Você vai caminhando pelos corredores do supermercado, cumprindo pesarosamente as suas obrigações caseiras mas aproveitando o seu momento de soberania sobre o carrinho de compras para substituir alguns itens requisitados na lista  por similares sensivelmente mais baratos e que ninguém (ao menos você) percebe a diferença. Compras padrão Venezuela. Chega a hora do Ketchup…Que Heinz, que nada ! Vamos de Qualitá…se alguém reclamar, direi em casa que os tomates vêm da fazenda orgânica do filho do Abílio. Na vizinhança do Ketchup estão as mostardas…Dijon com mel é para frouxos…ninguém precisa disto para sobreviver.  Sigo em busca de qualquer coisa amarela mais em conta, pode até ser condimento sabor vapor de mostarda.  Eis que me vejo petrificado, atingido por um raio congelante.

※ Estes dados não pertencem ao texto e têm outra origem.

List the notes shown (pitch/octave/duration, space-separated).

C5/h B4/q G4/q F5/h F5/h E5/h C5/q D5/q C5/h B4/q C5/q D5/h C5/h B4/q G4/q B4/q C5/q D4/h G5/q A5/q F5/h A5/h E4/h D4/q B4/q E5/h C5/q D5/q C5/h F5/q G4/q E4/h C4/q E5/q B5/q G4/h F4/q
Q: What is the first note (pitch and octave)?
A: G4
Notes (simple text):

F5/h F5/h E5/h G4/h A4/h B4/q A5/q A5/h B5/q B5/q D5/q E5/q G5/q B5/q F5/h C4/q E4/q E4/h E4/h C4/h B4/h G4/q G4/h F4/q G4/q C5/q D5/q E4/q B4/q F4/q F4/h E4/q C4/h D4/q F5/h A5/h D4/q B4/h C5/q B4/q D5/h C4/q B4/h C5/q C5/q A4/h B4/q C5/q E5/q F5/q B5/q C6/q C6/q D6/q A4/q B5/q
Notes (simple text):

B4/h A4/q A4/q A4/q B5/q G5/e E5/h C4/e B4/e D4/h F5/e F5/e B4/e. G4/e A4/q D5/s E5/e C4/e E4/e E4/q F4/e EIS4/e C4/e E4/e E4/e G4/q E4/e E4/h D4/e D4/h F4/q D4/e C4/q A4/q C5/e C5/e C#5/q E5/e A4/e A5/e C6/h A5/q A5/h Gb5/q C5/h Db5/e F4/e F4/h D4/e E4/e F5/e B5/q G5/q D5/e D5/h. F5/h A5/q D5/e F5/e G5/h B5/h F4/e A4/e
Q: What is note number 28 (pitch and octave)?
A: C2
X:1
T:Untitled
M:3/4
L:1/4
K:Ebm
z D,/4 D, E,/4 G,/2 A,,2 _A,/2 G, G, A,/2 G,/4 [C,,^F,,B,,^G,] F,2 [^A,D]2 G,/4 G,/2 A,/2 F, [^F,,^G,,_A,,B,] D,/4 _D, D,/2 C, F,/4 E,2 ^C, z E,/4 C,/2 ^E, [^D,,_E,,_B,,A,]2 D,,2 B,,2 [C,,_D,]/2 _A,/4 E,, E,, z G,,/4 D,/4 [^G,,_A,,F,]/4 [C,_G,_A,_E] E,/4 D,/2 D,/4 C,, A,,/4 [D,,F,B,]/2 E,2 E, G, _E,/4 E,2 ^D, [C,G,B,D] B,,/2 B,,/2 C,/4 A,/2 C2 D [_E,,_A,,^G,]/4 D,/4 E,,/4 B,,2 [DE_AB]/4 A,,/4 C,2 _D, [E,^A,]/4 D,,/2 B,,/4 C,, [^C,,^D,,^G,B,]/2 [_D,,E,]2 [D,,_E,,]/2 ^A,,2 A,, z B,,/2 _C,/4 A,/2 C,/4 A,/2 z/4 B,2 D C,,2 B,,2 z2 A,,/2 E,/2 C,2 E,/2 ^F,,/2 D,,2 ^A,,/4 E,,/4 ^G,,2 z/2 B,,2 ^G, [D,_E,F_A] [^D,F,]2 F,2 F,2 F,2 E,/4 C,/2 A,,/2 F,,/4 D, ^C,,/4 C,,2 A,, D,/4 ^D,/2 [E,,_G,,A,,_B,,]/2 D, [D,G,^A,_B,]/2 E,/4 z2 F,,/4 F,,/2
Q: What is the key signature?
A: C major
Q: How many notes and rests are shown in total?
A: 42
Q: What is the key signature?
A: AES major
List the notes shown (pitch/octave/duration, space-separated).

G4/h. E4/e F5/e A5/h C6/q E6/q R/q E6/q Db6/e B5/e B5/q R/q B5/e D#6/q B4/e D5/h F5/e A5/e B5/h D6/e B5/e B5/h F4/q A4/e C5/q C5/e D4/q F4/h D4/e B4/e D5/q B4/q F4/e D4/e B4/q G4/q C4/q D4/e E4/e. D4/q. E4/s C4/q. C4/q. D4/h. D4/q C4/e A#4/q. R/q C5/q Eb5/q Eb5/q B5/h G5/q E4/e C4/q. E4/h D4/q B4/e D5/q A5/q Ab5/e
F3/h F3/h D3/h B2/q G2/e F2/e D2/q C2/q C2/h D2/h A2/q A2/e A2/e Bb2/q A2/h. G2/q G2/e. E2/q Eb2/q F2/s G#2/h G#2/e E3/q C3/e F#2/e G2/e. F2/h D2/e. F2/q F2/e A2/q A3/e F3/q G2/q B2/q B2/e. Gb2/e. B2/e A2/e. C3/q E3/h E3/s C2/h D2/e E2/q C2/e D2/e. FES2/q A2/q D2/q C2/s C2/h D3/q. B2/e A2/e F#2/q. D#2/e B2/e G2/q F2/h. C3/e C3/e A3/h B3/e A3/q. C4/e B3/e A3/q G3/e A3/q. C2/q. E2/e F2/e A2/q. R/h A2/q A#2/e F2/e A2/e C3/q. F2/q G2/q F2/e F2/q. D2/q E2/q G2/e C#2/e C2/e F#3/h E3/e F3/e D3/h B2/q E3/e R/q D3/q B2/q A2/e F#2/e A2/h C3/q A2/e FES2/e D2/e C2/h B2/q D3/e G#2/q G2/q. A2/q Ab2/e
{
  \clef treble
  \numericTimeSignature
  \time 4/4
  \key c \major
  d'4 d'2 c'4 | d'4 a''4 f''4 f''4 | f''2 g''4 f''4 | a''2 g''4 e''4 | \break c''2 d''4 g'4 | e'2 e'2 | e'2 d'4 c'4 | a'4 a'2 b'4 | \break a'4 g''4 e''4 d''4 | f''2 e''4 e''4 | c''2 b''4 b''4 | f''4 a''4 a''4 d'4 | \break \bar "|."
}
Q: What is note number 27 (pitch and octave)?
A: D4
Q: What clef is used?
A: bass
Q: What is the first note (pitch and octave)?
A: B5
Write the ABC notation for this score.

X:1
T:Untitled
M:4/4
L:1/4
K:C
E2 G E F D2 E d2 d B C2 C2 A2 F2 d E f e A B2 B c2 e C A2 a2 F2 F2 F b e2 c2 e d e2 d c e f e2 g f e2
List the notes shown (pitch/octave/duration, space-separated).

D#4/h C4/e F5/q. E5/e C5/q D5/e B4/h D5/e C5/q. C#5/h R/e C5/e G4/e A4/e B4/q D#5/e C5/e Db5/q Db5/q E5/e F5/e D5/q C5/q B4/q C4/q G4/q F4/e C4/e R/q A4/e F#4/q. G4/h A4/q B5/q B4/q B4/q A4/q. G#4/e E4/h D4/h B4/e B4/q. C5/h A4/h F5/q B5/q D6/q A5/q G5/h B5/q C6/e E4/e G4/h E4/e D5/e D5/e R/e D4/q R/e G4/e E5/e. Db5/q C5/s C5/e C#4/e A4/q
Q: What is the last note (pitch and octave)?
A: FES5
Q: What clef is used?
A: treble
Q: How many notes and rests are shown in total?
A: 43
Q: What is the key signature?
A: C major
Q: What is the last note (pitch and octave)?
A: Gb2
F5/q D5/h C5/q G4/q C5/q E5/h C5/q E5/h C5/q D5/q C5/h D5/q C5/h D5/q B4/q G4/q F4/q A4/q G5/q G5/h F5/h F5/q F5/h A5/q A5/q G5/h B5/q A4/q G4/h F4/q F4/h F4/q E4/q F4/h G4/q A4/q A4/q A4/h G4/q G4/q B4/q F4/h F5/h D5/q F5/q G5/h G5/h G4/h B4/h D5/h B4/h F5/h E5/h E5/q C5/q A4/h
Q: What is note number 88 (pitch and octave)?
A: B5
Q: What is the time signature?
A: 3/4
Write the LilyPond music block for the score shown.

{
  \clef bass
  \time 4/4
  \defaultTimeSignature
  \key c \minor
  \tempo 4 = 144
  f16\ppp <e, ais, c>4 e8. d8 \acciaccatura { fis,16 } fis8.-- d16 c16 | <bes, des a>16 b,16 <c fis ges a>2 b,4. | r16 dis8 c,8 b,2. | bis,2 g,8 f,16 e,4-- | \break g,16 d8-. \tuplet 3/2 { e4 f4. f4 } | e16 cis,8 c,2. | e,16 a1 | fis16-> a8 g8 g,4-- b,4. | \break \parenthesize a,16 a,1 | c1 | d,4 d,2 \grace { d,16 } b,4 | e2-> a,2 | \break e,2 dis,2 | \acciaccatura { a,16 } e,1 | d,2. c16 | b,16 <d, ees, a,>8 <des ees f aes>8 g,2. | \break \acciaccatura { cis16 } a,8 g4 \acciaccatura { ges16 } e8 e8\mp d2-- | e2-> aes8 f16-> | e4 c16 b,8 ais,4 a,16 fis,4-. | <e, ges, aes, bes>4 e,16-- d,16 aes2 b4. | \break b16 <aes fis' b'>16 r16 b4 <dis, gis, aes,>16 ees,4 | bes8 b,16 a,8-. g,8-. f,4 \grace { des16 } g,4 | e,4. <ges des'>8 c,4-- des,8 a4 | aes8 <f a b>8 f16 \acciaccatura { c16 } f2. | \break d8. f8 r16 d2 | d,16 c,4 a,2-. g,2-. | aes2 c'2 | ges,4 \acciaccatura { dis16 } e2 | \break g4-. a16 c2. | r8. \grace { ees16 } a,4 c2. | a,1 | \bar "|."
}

O meu cérebro, ainda ativo, agradece a todos os deuses por não trabalhar mais na área de Marketing e ter que defender o responsável pelo lançamento de um produto que traz em seu rótulo os dizeres “Mostarda mas não falha”. Fico pensando se alguém aprovou mesmo isto ou ocorreu um processo de mutação nas embalagens armazenadas no estoque do Pão de Açúcar, sem qualquer interferência humana, tipo barragem de Mariana, massacre do Carandiru ou cratera do metrô.

O selinho de “novo” não deixa dúvidas…Tem gente que foi recompensada financeiramente pela criação deste produto inspirado em um dito popular…Como acredito que o pai (ou a mãe) da criança preferirá o anonimato na continuidade de sua carreira, gostaria de propor algumas idéias novas para que mesmo clandestino(a) ele(a),  o gênio(a) possa continuar a desenvolver o seu portfolio e dar vazão à todo o seu talento de Marketing. Algumas sugestões:  “Desodorantes tarde do que nunca”, “Filé de peixe, peixinho é”, “Não adianta chorar o leite semi desnatado derramado”, “Água mineral tanto bate até que fura”. Ah…marketeiros…onde foram parar os customer insights, os algoritmos ? Na busca incessante pela inovação alguns de vocês acabaram perdendo a noção…

Fatiem os Salamitos

Hoje acordei no meio da madrugada, coração acelerado. Despertei de um pesadelo monstruoso em que estava sozinho no meio de uma batalha entre bocas assassinas e Salamitos Sadia. Nesta praça de guerra, exércitos de bocas carnudas (doravante denominadas de “periquitas flamejantes”) perseguiam voluptuosamente os pobres e indefesos Salamitos Sadia (a quem me referirei neste post como “bigulinhos indefesos”).  Enquanto me recompunha do susto e me beliscava para ter certeza de que não adormeceria e voltaria ao terror noturno, tive um lampejo de lucidez que me sinalizou que para reencontrar a minha paz interior, eu precisaria denunciar os responsáveis por criar e aprovar a campanha publicitária mais tosca dos últimos anos.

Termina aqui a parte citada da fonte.